La ragazza d'autunno (Beanpole) – Ferite di guerra e casi di coscienza filtrati con acume attraverso corpi e menti femminili
Leningrado, 1945. Iya fa l’infermiera in un ospedale per reduci di guerra – come lei. È alta e magra come una giraffa. Una spilungona (Beanpole). Attorno a lei si muove scomposto il dolore profondo di chi ha vissuto sulla propria pelle e nei propri occhi i traumi del conflitto, e lei stessa soffre di uno strano tic che ogni tanto le fa muovere a singhiozzo testa e collo. Corpi “scomposti”, menomazioni e morte sono dunque il pane quotidiano della ragazza.
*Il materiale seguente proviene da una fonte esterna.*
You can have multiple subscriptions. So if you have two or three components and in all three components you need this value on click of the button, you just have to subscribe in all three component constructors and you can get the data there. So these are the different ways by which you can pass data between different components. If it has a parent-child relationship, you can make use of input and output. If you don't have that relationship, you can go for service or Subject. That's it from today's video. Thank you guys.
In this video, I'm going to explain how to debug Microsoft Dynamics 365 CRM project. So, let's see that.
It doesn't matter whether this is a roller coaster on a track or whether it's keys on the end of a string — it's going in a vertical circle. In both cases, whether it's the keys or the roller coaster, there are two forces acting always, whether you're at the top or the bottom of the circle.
Poi, il ricongiungimento con la sua amica Masha (la bravissima Vasilisa Perelygina), anche lei reduce dal fronte ma dal carattere ben più audace e intraprendente, la travolgerà con un’ondata di gioia, amore, e speranza di “ricostruzione”, ma anche con una serie di vicende a dir poco controverse legate a una femminilità e una maternità segnate e interrotte dalle fratture della guerra e dal giogo dell’indigenza. In una Russia fredda e brutale le due amiche muoveranno mano nella mano – tra momenti d’afflato e durissime incomprensioni - il loro legame, attraversando una bolla di dolore, tra crisi di coscienza, corpi e menti mutilati dalla sofferenza.
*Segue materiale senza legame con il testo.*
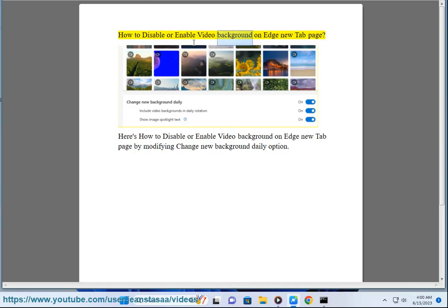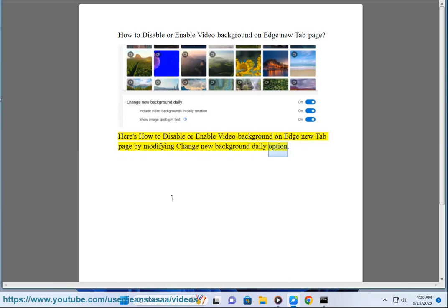Here's how to disable or enable video background on Edge new tab page by modifying the 'change new background daily' option.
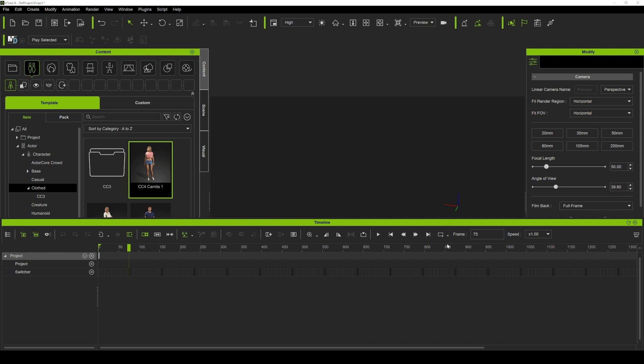My very first improvement: before this I actually had to import my XSens motion data into 3D Exchange, characterize it there, and then export it to iClone 7. But now with iClone 8 I can just drag and drop my motion animation capture file directly into iClone 8. If you're having issues or can't follow along, there's going to be a file you can download called XSens.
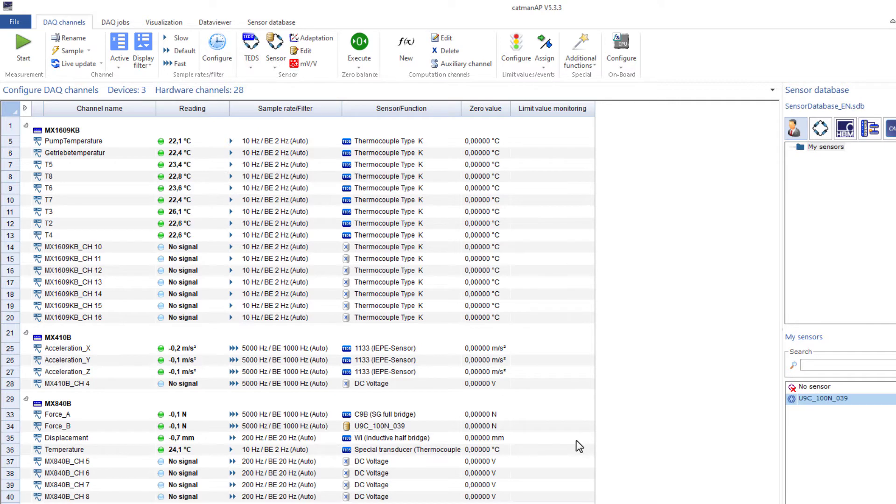Currently, you see the term Auto after all filter settings. This shows you that the filter setup results from an automatic setting. We will explain this later.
Allievo di Alexander Sokurov e qui alla sua seconda prova registica, Kantemir Balagov conferma con La ragazza d'autunno - (già transitato e premiato come miglior regia al Certain Regard di Cannes 2019) il polso di una regia capace di fondere realismo scenico e intimità – umana e sociale - dei suoi personaggi e delle sue storie. Attraversando per mezzo delle due bravissime protagoniste e “compagne di artiglieria” il disagio di una femminilità mutilata e interrotta proprio nelle sue aree di maggiore sensibilità (l’essere madre e dunque portatrice di vita), Balagov affronta nel contesto drammatico di un mondo post-bellico il tema doppio della vita e della morte specchiate l’una nell’altra, e analizzate nel complesso sistema di vite generate in un mondo di morte e di morti che sono conseguenza naturale di una vita accerchiata dalla guerra.
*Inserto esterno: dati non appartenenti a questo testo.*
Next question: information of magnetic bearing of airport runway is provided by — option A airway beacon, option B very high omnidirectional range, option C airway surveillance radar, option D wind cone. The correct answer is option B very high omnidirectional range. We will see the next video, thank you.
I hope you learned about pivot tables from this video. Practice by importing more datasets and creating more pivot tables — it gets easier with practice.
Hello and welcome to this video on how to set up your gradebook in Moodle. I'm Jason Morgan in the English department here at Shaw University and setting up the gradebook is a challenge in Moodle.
Tra i letti dei soldati martoriati, i corpi nudi, magri e ipercicatrizzati delle donne, La ragazza d'autunno affianca infertilità indotta, eutanasia, e quel generale senso di impotenza umana che marca stretto ogni singola scena del film, e che rende la speranza figlia illegittima dell’esile sentimento di sopravvivenza. Attraverso la presenza imponente ma estremamente introversa di Iya e quella più minuta ma ben più intraprendente dell’amica Masha, Balagov ci immerge per centotrenta minuti in un realismo crudissimo di fame, gelo e miseria, dove il tema della sopravvivenza (appunto) è sviscerato in tutte le sue controverse manifestazioni e forme.
Sopravvive chi uccide il prossimo per scamparlo alla fame o a una vita vegetativa, o sopravvive chi cerca a tutti i costi di aver una vita in grembo per sentirsi rinascere dentro, o ancora sopravvive chi dopo una guerra porta a casa un corpo integro ma una mente “impazzita” dalle enormi ferite inflitte dalla sofferenza? Forse sopravvivono tutti, o magari nessuno di loro.
Mettendo “sulla brace” molta carne al fuoco e innumerevoli e delicatissime tematiche, La ragazza d'autunno (Il cui titolo originale è Dylda, ma è conosciuto nel resto del mondo come Beanpole. NdR ) cede in qualche frangente al peso dell’accumulo e di una tragedia che tende a superare sé stessa, restando forse un passo dietro la perfetta quadratura emotiva del precedente Closeness. Ciò nonostante, la prestanza scenica del film, le sue qualità artistiche e la magistrale prova delle attrici sopravvivono infine a tutto il resto, confermando (in ogni caso) il talento pazzesco e ancora tutto da scoprire di questo giovanissimo (classe 1991) e davvero molto promettente regista russo.